両通信によると、菊地両容疑者らは、2014年3月期の連結決算で、実際には債務超過だったが、前払い費用などの支払い名目で計約4億5500万円を資産として計上する虚偽の有価証券報告書を提出した疑いが持たれている。2人とも容疑を否認している。
グローバルアジアホールディングスは当時、ジャスダックに上場しており、2年連続で債務超過になった場合、上場廃止になることから、決算を粉飾したとみられている。昨年3月に証券取引等監視委員会が関係先を強制調査しており、警察も捜索していたという。グローバルアジアホールディングスは昨年9月、内部管理体制などに問題があるとして上場廃止になった。

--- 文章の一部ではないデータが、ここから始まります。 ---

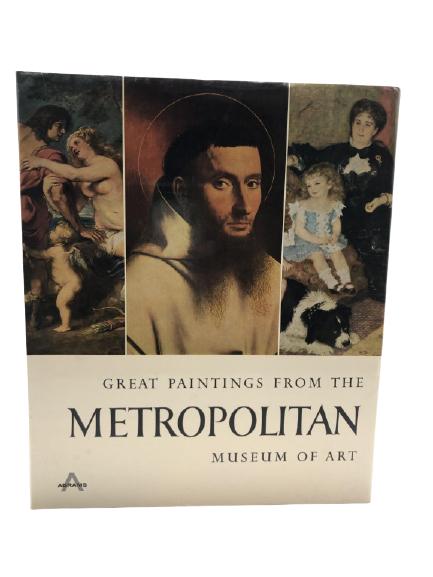 METROPOLITAN MUSEUM ART GREAT PAINTINGS BOOK 13": METROPOLITAN MUSEUM OF ART GREAT PAINTINGS COFFEE TABLE BOOK 13" X 11"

一方、時事通信やNHKによると、警察は、暴力団関係者が関与していた可能性もあるとみて捜査しているという。
菊地博紀容疑者は逮捕前、NHKの取材に応じており、債務超過に陥っていたとする指摘について、「資金は口座から引き出して現金で保管していた」などと説明していたという。
グローバルアジアホールディングスは、漁網糸・縫糸の製造販売業として戦前に創業した「豊国糸業」が前身。豊国糸業は、その後さまざまな事業を手掛け、豊国産業、アイビーダイワ、プリンシバル・コーポレーションと改名し、2014年に社名を現在のグローバルアジアホールディングスに改名した。菊地博紀容疑者は、プリンシバル・コーポレーション時代に社長を務めていた。
グローバルアジアホールディングスのホームページによると、現在は食品事業やデジタルメディア・マーケティング事業、環境事業を主要事業としている。